Provided data

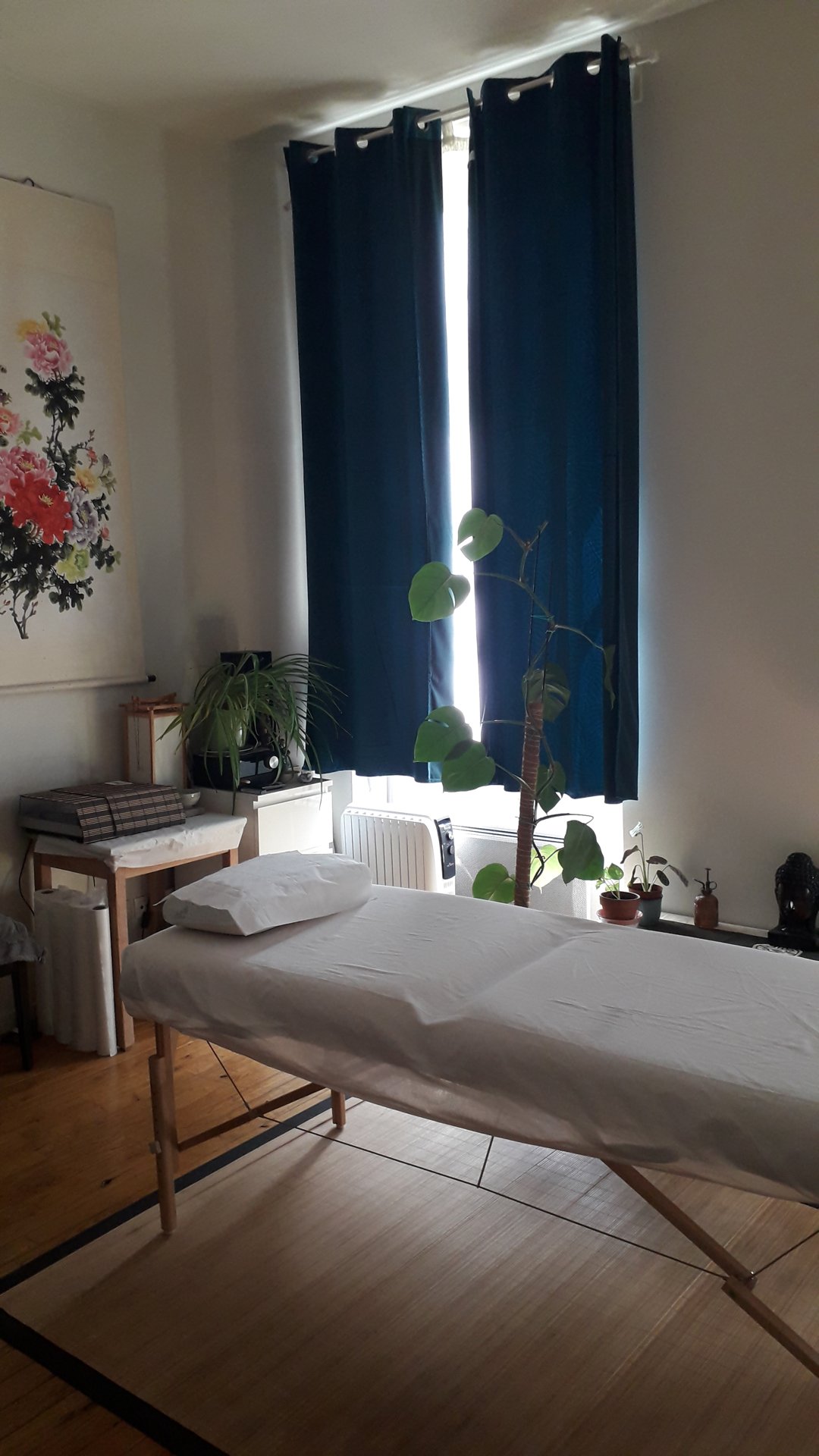 Cabinet d'Éric Littaye à Lyon — table de soin, plantes et lumière douce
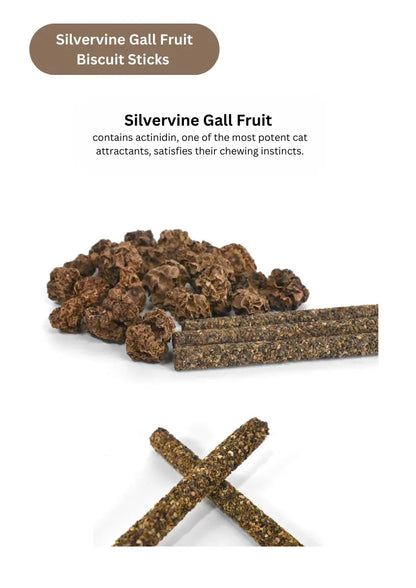 Silvervine catnip biscuit sticks by CATWANT, natural feline treats shown in a close-up image.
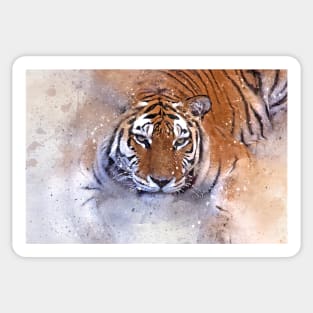 Tiger Wild Animal Safari Africa Jungle Feline Sticker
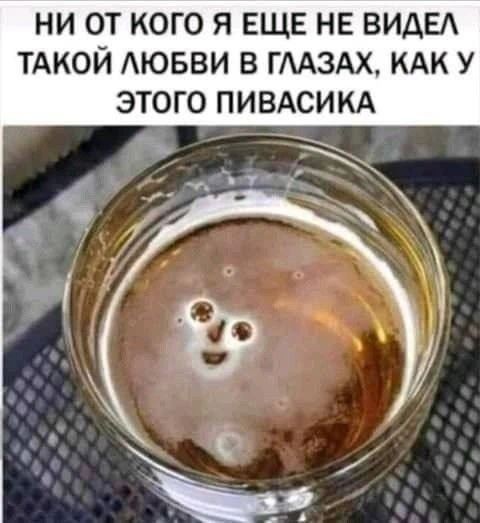 Мемы и картинки про трезвость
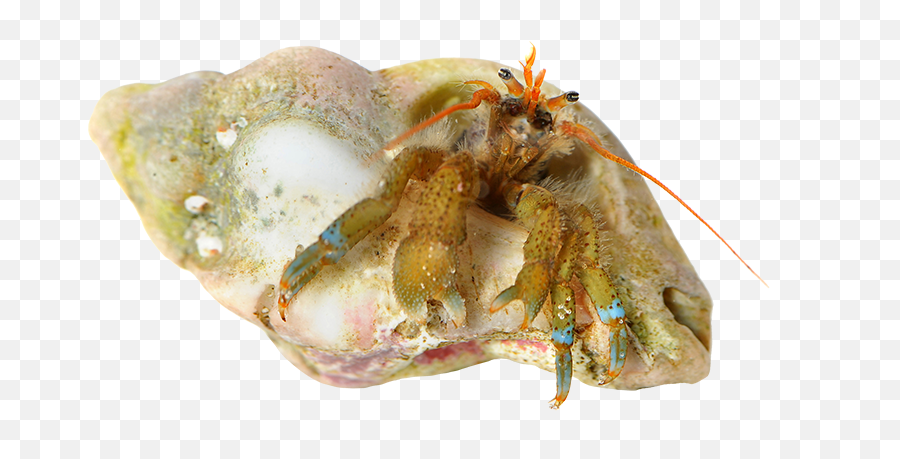 Tidepools - Laguna Ocean Foundation Emoji,Crab Transparent Background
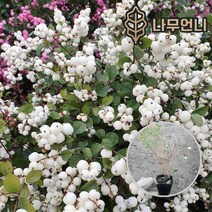 스노우베리 6치포트 4치포트 나무언니, 매직컬갤럭시(2개1세트)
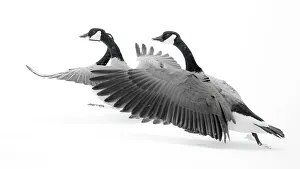 Taking Off Prints: Wyoming. Two Canadian geese taking flight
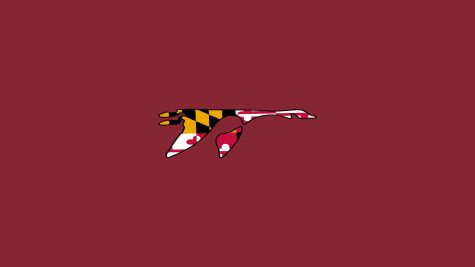 Washington College (MD) Men's Basketball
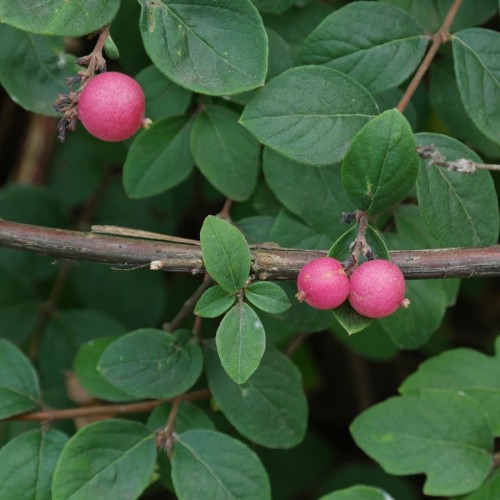 Meškytė (Symphoricarpos × doorenbosii) 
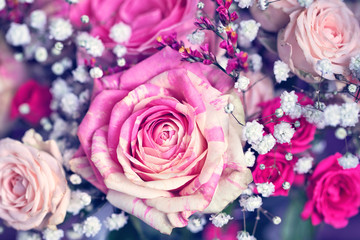Close-up floral composition with a pink roses .Many beautiful fresh pink roses . 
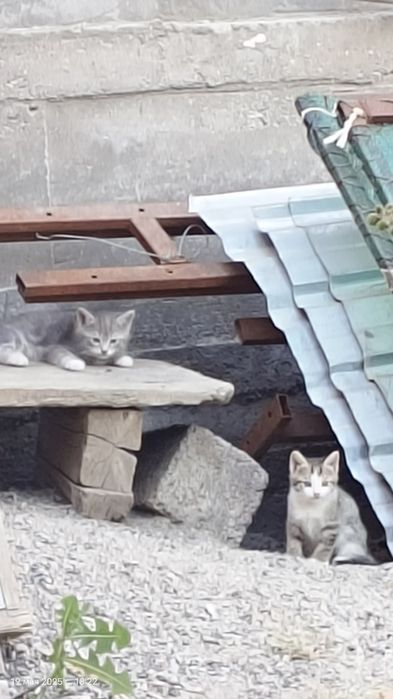 Бесплатно, текин, отдам котят в Ташкенте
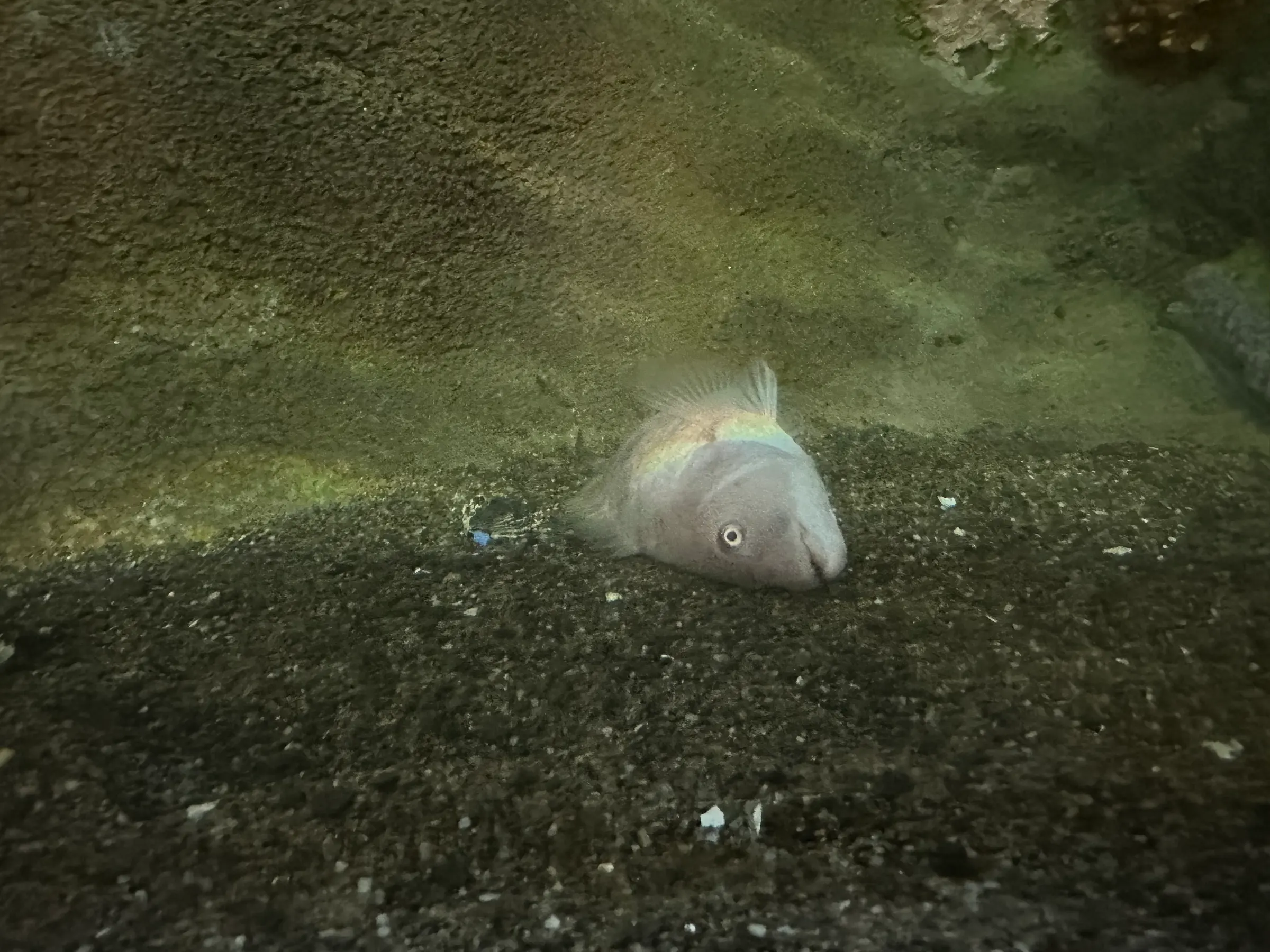 Our dead friend. May he/she rest in peace!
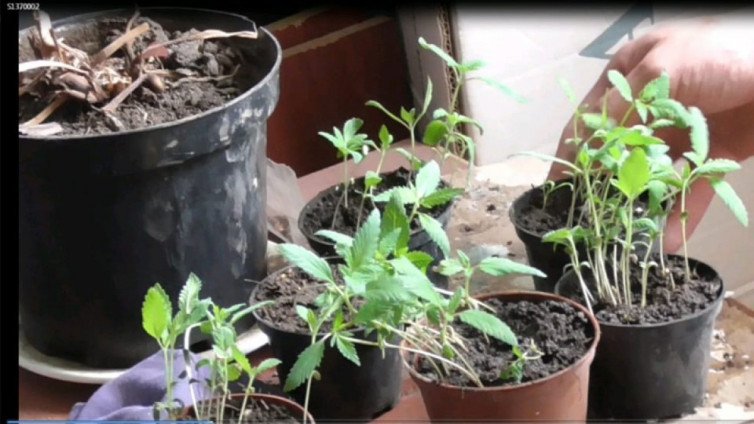 На Харьковщине мужчина у себя на балконе выращивал каннабис (фото)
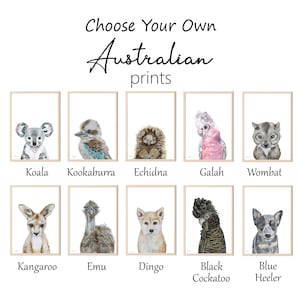 Australian animal prints Australian Nursery Prints Koala Kangaroo Wombat Cockatoo Emu Galah Echidna Kookaburra Animal Nursery Boys Nursery image 1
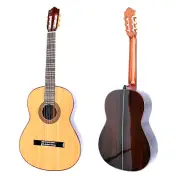 Special Quality Microtonal Classical Guitar String Musical Instrument KG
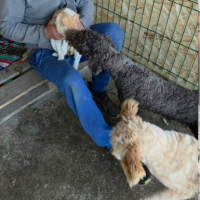 Adopter  chien : Patachou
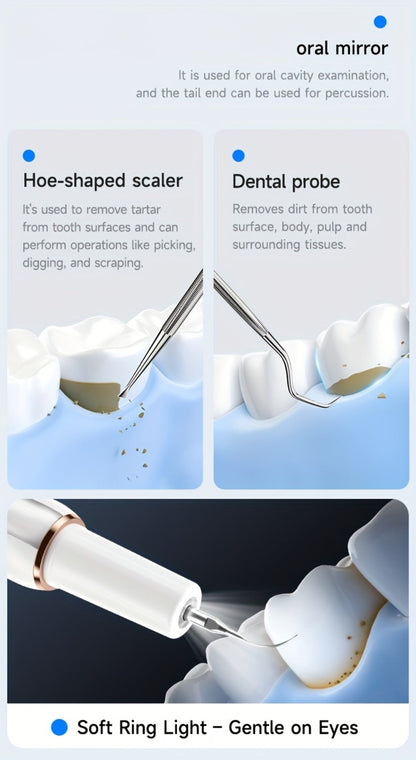 Interdental Plaque Remover with LED Light – Electric Teeth Cleaner, 5 Cleaning Modes, 2 Replacement Heads, Oral Irrigator-Like Function, No Water Required, Dental Care for Travel & Home Use
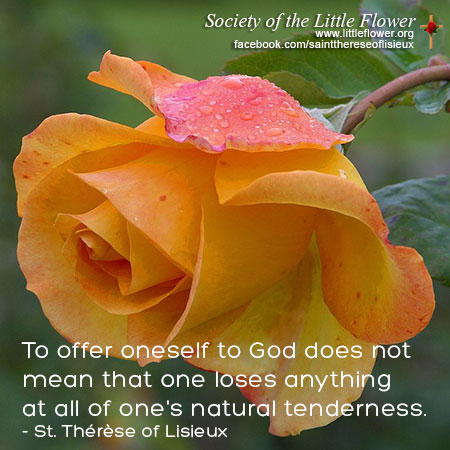 Photo of rose blossom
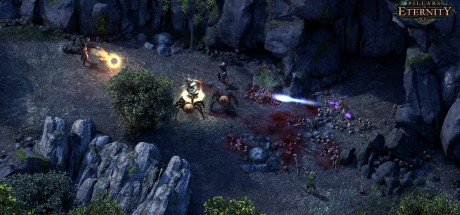 Pillars of Eternity II: Deadfire GOG CD Key Pillars of Eternity II: Deadfire GOG CD Key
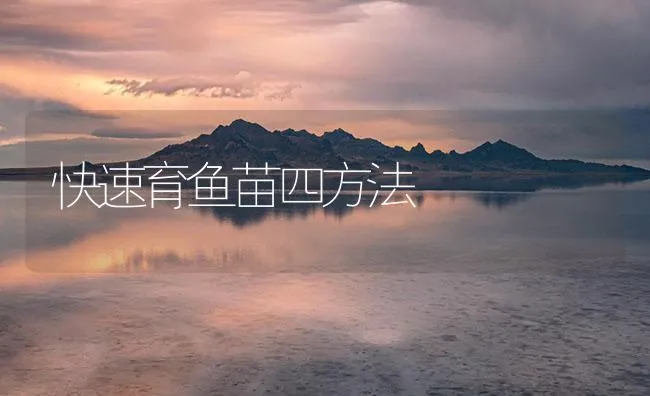 快速育鱼苗四方法 | 海水养殖技术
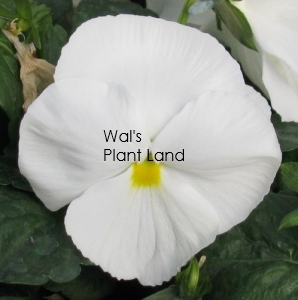 PANSY DELTA WHITE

Task requirements
Your reply should hold exactly the lines from the line containing "chien : Patachou" through the final line of the listing, and none of the pictures.

Response
 Adopter  chien : Patachou
 Interdental Plaque Remover with LED Light – Electric Teeth Cleaner, 5 Cleaning Modes, 2 Replacement Heads, Oral Irrigator-Like Function, No Water Required, Dental Care for Travel & Home Use
 Photo of rose blossom
 Pillars of Eternity II: Deadfire GOG CD Key Pillars of Eternity II: Deadfire GOG CD Key
 快速育鱼苗四方法 | 海水养殖技术
 PANSY DELTA WHITE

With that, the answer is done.